Ancient Israel did not exist in a vacuum. Due to its geographical location between the Mediterranean Sea to the west and the Arabian Desert to the east, it formed a “land bridge” between Egypt and Mesopotamia. Since the trade and military routes ran through Israel, for most of its existence Israel was under the influence, and more often the direct control, of one of those two major powers. This means that the history and literature of the ancient Near East not only provide the general background for understanding the history and literature of ancient Israel, at times those countries influenced ancient Israel directly, sometimes through their literature, sometimes through their political interactions, and sometimes through both.
These sessions will explore how military and cultural contacts with the nations around Israel affected the development of ancient Israel and its sacred literature: the First Testament. Each week will concentrate on a different geographic area, illustrating general parallels, direct points of influence and borrowing, and significant differences between the religious traditions of ancient Israel and its neighbours. The resulting will produce a deeper understanding of the history and literature of ancient Israel itself within its larger context, namely the ancient Near East.
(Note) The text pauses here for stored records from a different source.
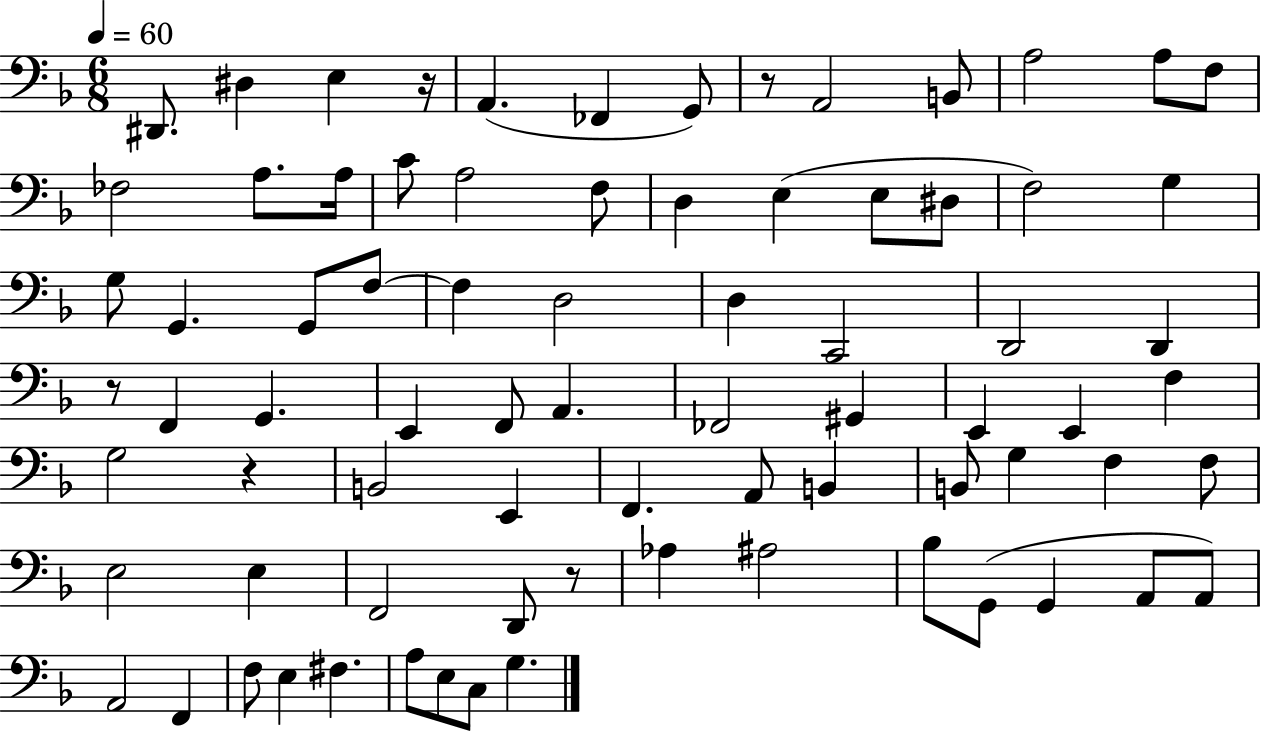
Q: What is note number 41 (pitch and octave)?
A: E2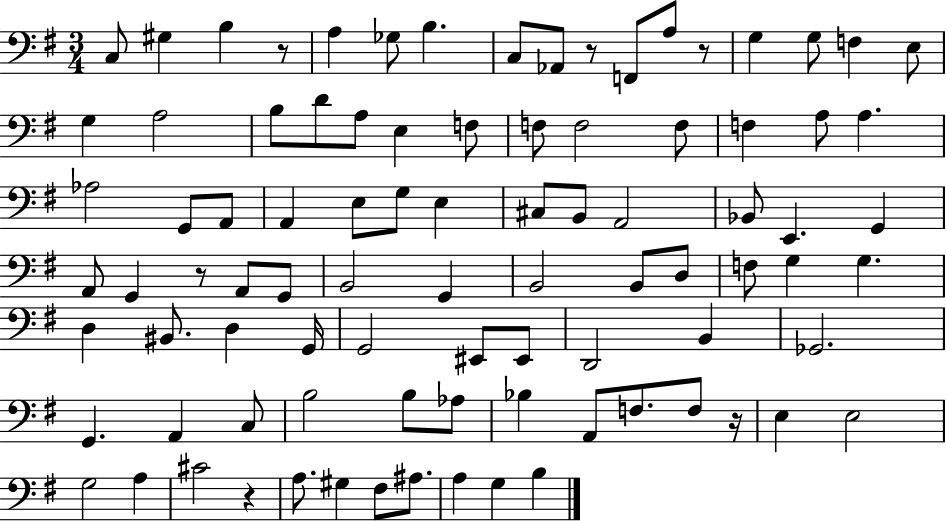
{
  \clef bass
  \numericTimeSignature
  \time 3/4
  \key g \major
  c8 gis4 b4 r8 | a4 ges8 b4. | c8 aes,8 r8 f,8 a8 r8 | g4 g8 f4 e8 | \break g4 a2 | b8 d'8 a8 e4 f8 | f8 f2 f8 | f4 a8 a4. | \break aes2 g,8 a,8 | a,4 e8 g8 e4 | cis8 b,8 a,2 | bes,8 e,4. g,4 | \break a,8 g,4 r8 a,8 g,8 | b,2 g,4 | b,2 b,8 d8 | f8 g4 g4. | \break d4 bis,8. d4 g,16 | g,2 eis,8 eis,8 | d,2 b,4 | ges,2. | \break g,4. a,4 c8 | b2 b8 aes8 | bes4 a,8 f8. f8 r16 | e4 e2 | \break g2 a4 | cis'2 r4 | a8. gis4 fis8 ais8. | a4 g4 b4 | \break \bar "|."
}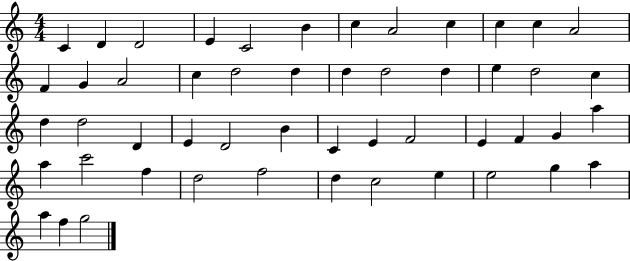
C4/q D4/q D4/h E4/q C4/h B4/q C5/q A4/h C5/q C5/q C5/q A4/h F4/q G4/q A4/h C5/q D5/h D5/q D5/q D5/h D5/q E5/q D5/h C5/q D5/q D5/h D4/q E4/q D4/h B4/q C4/q E4/q F4/h E4/q F4/q G4/q A5/q A5/q C6/h F5/q D5/h F5/h D5/q C5/h E5/q E5/h G5/q A5/q A5/q F5/q G5/h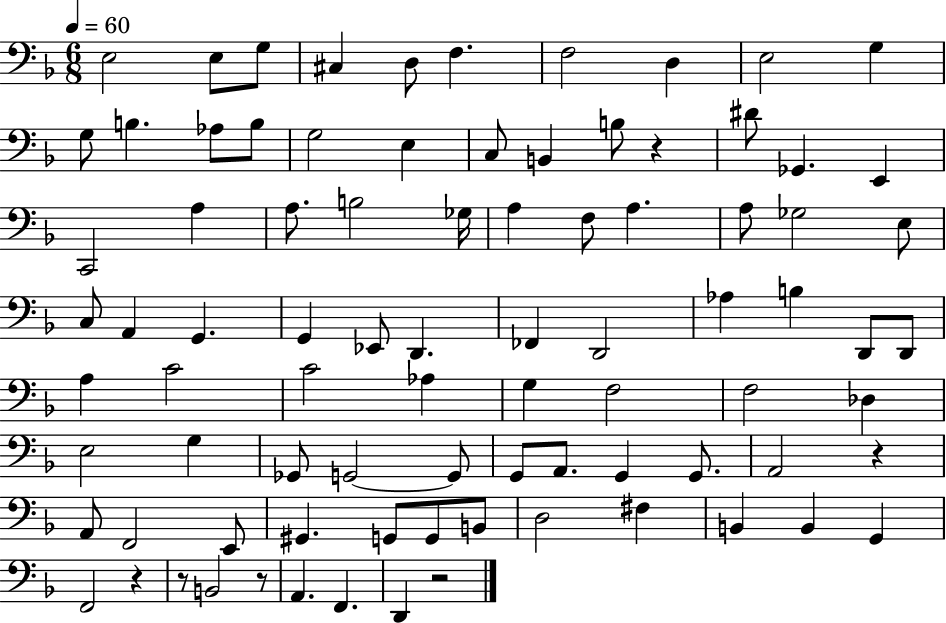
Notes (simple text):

E3/h E3/e G3/e C#3/q D3/e F3/q. F3/h D3/q E3/h G3/q G3/e B3/q. Ab3/e B3/e G3/h E3/q C3/e B2/q B3/e R/q D#4/e Gb2/q. E2/q C2/h A3/q A3/e. B3/h Gb3/s A3/q F3/e A3/q. A3/e Gb3/h E3/e C3/e A2/q G2/q. G2/q Eb2/e D2/q. FES2/q D2/h Ab3/q B3/q D2/e D2/e A3/q C4/h C4/h Ab3/q G3/q F3/h F3/h Db3/q E3/h G3/q Gb2/e G2/h G2/e G2/e A2/e. G2/q G2/e. A2/h R/q A2/e F2/h E2/e G#2/q. G2/e G2/e B2/e D3/h F#3/q B2/q B2/q G2/q F2/h R/q R/e B2/h R/e A2/q. F2/q. D2/q R/h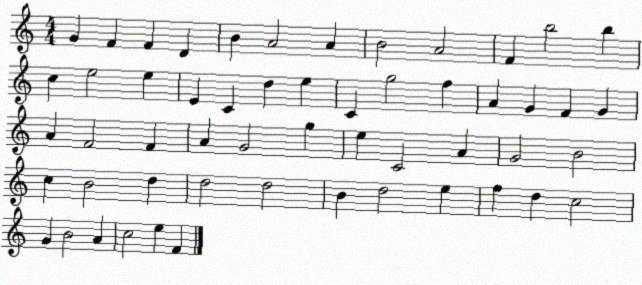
X:1
T:Untitled
M:4/4
L:1/4
K:C
G F F D B A2 A B2 A2 F b2 b c e2 e E C d e C g2 f A G F G A F2 F A G2 g e C2 A G2 B2 c B2 d d2 d2 B d2 e f d c2 G B2 A c2 e F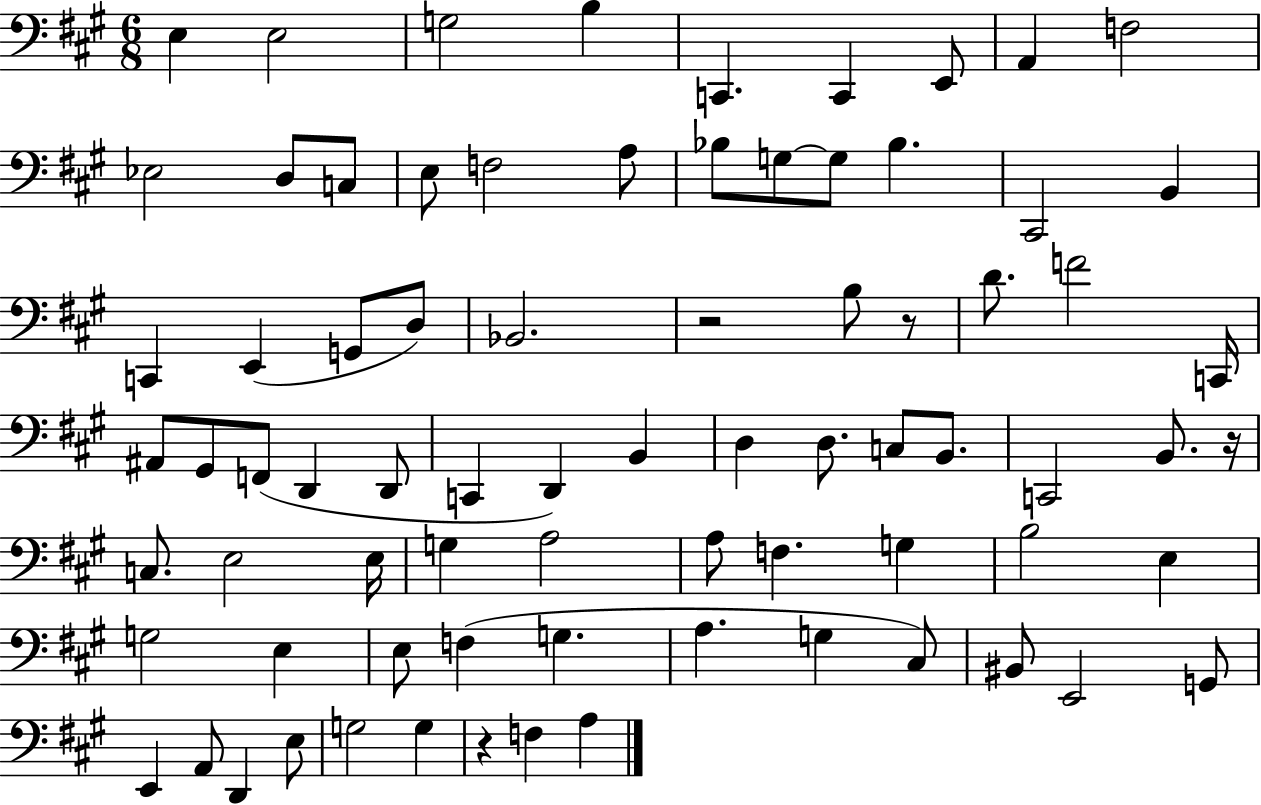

John L. McLaughlin earned a BA (Philosophy Honours and English Major) from St. Thomas University, Fredericton, NB, and an MA in Philosophy from the University of Toronto. He studied Theology and Scripture at the University of St. Michael’s College, where he earned an MDiv and PhD. After teaching at Wheeling Jesuit University in Wheeling, West Virginia for seven years, Professor McLaughlin joined the Faculty of Theology in July 2002. He is Associate Professor of Old Testament / Hebrew Bible and an Associate Member of the Graduate Faculty, Dept. of Near and Middle Eastern Civilizations, University of Toronto. He has served as the Director of Advanced Degree Programs in the Faculty of Theology from 2003-2008, 2009-2012, and 2013-2014, and was Interim Dean of the Faculty for 2014-2015.
John has been a member of the Editorial Board, Journal of Hebrew Scriptures, since 2008 and an Associate Editor of the Catholic Biblical Quarterly, since 2013. He is an Article and Monograph Abstractor for Old Testament Abstracts and a Monograph Abstractor for Religious Studies Review. He has convened the Divinity in Ancient Israel Seminar during the Catholic Biblical Association of America Annual International Meeting since 2003. He is a member of the Canadian Society of Biblical Studies, the Catholic Biblical Association and the Old Testament Colloquium. He is currently the President of the Canadian Society of Biblical Studies.
He teaches and researches in a number areas related to the Old Testament / Hebrew Bible and contributes annually to Pastoral Aids such as the Living With Christ Sunday Missal. He has written 5 books, the most recent being Justice in the Balance: Learning from the Prophets (Novalis Press, 2008) and The Ancient Near East: An Essential Guide (Abingdon Press, 2012).